My noble friend comes from Ulster, and I come from Wales, each of which has its distinctive problems and aspirations, not always fully understood or appreciated by the less emotional English. Not that Welsh people are immune from the weakness of getting things out of perspective. Your Lordships may have heard of the man who drowned in a Welsh municipal swimming bath. When the coroner asked the bath's attendant why he had not jumped in and rescued the man, he replied: "Because I cannot swim. When they gave me this job all they asked me was whether I was bilingual".

Wales, like Northern Ireland, needs more work for men and women, and therefore I too welcome the importance attached in the gracious Speech to an effective regional development policy. Let me hasten to add that Wales is more than a region. It is a nation. It is a land of mountains and valleys, and sun and shadow; and too often the long, dark shadow of unemployment has chased the joy away. As one who grew up in a vicarage in a Monmouthshire town when it was hit by tragic unemployment, I am sure, to quote the words of the gracious Speech, that: Rising production and a steadily growing national income", shared by all, are the essential material foundation for the good life which all Governments, according to their different philosophies, seek to bring within reach of the people of this land, without distinction of class, colour or faith.

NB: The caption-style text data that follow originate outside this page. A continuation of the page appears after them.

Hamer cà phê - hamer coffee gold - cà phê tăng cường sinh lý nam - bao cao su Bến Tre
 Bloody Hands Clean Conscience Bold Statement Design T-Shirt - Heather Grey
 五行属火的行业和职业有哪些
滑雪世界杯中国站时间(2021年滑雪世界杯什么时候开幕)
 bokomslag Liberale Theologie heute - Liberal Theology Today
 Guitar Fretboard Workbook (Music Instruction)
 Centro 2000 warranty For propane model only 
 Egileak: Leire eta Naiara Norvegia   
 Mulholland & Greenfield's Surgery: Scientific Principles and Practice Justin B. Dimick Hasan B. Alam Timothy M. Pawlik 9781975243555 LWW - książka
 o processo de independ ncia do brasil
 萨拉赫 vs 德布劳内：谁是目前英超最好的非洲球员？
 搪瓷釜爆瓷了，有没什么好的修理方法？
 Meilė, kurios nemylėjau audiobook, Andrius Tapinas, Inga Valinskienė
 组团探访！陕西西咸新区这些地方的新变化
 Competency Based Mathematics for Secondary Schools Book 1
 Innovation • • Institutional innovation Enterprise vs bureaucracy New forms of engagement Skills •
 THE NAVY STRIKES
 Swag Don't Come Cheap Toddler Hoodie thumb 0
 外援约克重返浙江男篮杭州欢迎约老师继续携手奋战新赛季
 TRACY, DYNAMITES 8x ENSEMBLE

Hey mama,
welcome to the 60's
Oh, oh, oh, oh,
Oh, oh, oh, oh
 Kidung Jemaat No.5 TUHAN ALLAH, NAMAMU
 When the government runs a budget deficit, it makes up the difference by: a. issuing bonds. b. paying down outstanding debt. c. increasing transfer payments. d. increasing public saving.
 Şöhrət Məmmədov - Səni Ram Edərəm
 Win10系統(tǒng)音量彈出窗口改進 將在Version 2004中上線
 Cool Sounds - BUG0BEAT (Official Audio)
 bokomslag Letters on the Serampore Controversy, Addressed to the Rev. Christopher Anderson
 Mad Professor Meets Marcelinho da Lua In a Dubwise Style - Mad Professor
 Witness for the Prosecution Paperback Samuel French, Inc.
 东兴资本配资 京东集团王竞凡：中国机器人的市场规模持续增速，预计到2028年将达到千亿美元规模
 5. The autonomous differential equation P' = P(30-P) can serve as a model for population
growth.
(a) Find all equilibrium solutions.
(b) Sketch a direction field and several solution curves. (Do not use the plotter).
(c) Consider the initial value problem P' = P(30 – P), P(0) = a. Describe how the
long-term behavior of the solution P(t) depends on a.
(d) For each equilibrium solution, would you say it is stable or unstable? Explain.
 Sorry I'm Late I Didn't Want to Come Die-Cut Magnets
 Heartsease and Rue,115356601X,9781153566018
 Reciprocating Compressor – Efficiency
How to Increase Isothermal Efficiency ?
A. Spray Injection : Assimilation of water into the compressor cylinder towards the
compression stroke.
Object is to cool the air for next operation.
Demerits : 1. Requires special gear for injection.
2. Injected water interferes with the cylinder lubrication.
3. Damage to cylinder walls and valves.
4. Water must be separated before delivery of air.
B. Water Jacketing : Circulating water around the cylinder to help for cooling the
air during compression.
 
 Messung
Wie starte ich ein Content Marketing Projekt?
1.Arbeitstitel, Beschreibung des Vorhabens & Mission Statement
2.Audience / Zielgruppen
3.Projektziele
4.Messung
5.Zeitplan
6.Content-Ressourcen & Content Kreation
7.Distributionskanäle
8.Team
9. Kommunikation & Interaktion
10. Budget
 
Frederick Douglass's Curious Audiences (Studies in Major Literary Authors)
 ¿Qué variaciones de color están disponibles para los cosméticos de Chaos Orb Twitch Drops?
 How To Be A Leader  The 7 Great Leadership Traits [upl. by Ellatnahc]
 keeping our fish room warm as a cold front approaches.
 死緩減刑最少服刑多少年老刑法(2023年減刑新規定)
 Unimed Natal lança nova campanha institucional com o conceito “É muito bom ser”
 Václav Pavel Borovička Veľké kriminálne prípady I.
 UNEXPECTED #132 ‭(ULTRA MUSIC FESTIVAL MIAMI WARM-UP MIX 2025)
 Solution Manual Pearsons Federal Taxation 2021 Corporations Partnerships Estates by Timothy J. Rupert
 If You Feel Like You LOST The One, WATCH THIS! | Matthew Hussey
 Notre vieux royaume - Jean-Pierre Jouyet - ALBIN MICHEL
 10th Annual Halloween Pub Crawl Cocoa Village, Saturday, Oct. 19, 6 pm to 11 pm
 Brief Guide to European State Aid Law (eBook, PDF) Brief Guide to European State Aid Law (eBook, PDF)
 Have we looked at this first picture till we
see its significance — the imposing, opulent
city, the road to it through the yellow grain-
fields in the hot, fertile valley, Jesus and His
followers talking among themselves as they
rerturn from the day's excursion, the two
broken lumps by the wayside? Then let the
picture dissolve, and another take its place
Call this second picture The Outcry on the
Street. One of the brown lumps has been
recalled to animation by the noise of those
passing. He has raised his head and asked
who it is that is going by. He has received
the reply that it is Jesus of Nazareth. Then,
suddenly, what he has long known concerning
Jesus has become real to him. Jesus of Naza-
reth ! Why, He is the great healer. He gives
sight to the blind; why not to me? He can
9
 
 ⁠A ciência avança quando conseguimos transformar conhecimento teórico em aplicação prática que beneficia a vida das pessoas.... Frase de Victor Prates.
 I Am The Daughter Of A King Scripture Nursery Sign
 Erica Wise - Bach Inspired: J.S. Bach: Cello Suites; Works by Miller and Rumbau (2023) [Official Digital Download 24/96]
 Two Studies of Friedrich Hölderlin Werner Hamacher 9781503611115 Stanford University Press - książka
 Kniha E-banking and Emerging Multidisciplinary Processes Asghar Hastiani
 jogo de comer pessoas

I hope for success in the negotiations just starting for our entry into the European Community if the terms we can obtain seem likely to make for better tomorrows for the British people as a whole—but not otherwise.

I believe that all of your Lordships, without distinction of Party, will agree that the speed of our economic progress will not be all it should be until industrial relations are vastly improved and unofficial strikes less frequently and damaging. The last Government tried one way, but not very firmly. This Government will try another. On neither side, management nor union, must prejudice be allowed to govern policy. We all are servants of the British people, and the British people want freedom to live their lives and get on with their jobs, not constant disruptions which seem to them often absurdly disproportionate to the issue in dispute.

My own main interests in your Lordships' House, since I had the privilege of coming here six years ago, have lain in the fields of education and health. What the gracious Speech says about education seems to me to be wholly right. There will be grave wastage of child talent until all primary schools are raised much nearer to the level of the best, which is very high. In the socially difficult areas of our towns and cities, the run-down areas, I hope that it will be made possible for more to be done for the under-fives. I remember the pathetic story of the little boy found crying outside one of the old Board schools. When a kind passer-by said, "Why don't you go in there, sonny? That's marked 'Boys' Entrance'", he sobbed, "I'm not a boy; I'm a mixed infant".

I am chairman of the governors of a girls' grammar school in West London, the Godolphin and Latymer School, and this experience has taught me to value all that such a school can do by educating girls from under-privileged homes and better-off homes together, gathered into one school from a wide area. Many of the girls come from homes in which there are no books and very little culture; other from homes in which education has always been prized for what it does in forming character and broadening the mind. These different types of girl learn so much from one another; something of singular value would be lost to the able girls from homes in depressing areas if they all were made to go to a comprehensive school based exclusively on their own neighbourhood. So I welcome the promise in the gracious Speech to set local authorities free to take effective decisions on the future of their schools, and the action which Mrs. Thatcher has already taken to that end. I like, too, the promise of further devolution to Wales.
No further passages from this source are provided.